(The data Opens)

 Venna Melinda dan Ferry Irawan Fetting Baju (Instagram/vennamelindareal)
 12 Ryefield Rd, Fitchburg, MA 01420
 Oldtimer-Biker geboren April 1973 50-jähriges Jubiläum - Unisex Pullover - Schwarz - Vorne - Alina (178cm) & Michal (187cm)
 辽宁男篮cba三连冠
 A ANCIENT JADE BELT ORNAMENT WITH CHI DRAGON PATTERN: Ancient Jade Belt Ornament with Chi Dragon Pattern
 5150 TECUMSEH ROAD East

(The data Closes)
(The data Opens)

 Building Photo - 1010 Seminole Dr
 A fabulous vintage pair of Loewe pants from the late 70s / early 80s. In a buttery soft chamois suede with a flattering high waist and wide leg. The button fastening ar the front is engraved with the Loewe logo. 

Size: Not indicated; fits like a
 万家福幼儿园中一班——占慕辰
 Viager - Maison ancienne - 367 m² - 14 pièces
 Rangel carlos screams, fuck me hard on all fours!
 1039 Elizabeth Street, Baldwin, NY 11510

(The data Closes)

* **Required work**:
Extract all lines of the records above that include "with".

* **Exercise response**:
 A ANCIENT JADE BELT ORNAMENT WITH CHI DRAGON PATTERN: Ancient Jade Belt Ornament with Chi Dragon Pattern
 A fabulous vintage pair of Loewe pants from the late 70s / early 80s. In a buttery soft chamois suede with a flattering high waist and wide leg. The button fastening ar the front is engraved with the Loewe logo. 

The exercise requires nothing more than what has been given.